Scotts right, ebooks are easy to do apparently ..... Also small run 'vanity publications' as I think they are called are doable, a member of my family had one done on one my interesting Great Great Grandmother, the run was only 20 books I think ( we all had to buy one lol )

I bet you could even print one yourself seeing how much printers and software have advanced in recent years, just the binding to sort and your away.....


----------



## JoT

I love the way the dial just says "Foreign" .... those were the days :lol:


----------



## JoT

jasonm said:


> Scotts right, ebooks are easy to do apparently ..... Also small run 'vanity publications' as I think they are called are doable, a member of my family had one done on one my interesting Great Great Grandmother, the run was only 20 books I think ( we all had to buy one lol )
> 
> I bet you could even print one yourself seeing how much printers and software have advanced in recent years, just the binding to sort and your away.....












Mac's printer being moved into his new house .... maybe not so easy 

.

.


----------



## chris l

JoT said:


> I love the way the dial just says "Foreign" .... those were the days :lol:


 A British newspaper headline from the '30's; "Fog in Channel; Continent isolated". (A regular weather forecast in Britain at that time...)


----------



## mel

mach 0.0013137 said:


> Vorlan said:
> 
> 
> 
> Would it be fair to say you have a slight interest in services watches
> 
> 
> 
> Some might say that
Click to expand...

Vorian, I'll say it, Mach's too modest, he's probably the world's leading expert on Services watches - and he's not getting any of mine :rofl2:


----------



## mach 0.0013137

mel said:


> mach 0.0013137 said:
> 
> 
> 
> 
> 
> Vorlan said:
> 
> 
> 
> Would it be fair to say you have a slight interest in services watches
> 
> 
> 
> Some might say that
> 
> Click to expand...
> 
> Vorian, I'll say it, Mach's too modest, he's probably the world's leading expert on Services watches - and he's not getting any of mine :rofl2:
Click to expand...

Edinburgh`s not that far away Mel & BTW isn`t it about time you & Mrs.Mel took another holiday?  :lol:


----------



## Vorlan

Thank you kindly for the information, any idea on the value ? did I manage to at least double my outlay of a tenner ?


----------



## mel

Vorlan said:


> Thank you kindly for the information, any idea on the value ? did I manage to at least double my outlay of a tenner ?

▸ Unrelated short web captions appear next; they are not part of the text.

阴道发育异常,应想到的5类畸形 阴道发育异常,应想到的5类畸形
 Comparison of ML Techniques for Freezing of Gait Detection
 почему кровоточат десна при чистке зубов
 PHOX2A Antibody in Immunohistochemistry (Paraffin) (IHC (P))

Probably you did, but not if Mach and me'sen have anything to do with it - - we'll both tell you it's a scrapper and offer you a pound note top whack ! :lol:


----------



## mach 0.0013137

Vorlan said:


> Thank you kindly for the information, any idea on the value ? did I manage to at least double my outlay of a tenner ?


Difficult for me to say as Chromes don`t come up that often & don`t seem to be as popular as for example the `Army` or `Colonial `models but you might get more then you paid for it, as we say on the forum: "A watch is worth what someone is willing to pay for it."



mel said:


> Vorlan said:
> 
> 
> 
> Thank you kindly for the information, any idea on the value ? did I manage to at least double my outlay of a tenner ?
> 
> 
> 
> Probably you did, but not if Mach and me'sen have anything to do with it - - we'll both tell you it's a scrapper and offer you a pound note top whack ! :lol:
Click to expand...

Behave Mel, I`m trying to be nice here


----------



## Vorlan

Once again thank you for your information, It's nice to know it has some sort of history.

Looking at the movement from an engineers point of view, which i am, I find it amazing

that something with so many small parts can still work let alone keep good time after 80 years


----------



## mach 0.0013137

In case you`re interested this box would go with your `Chrome` Vintage Services Pocket Watch.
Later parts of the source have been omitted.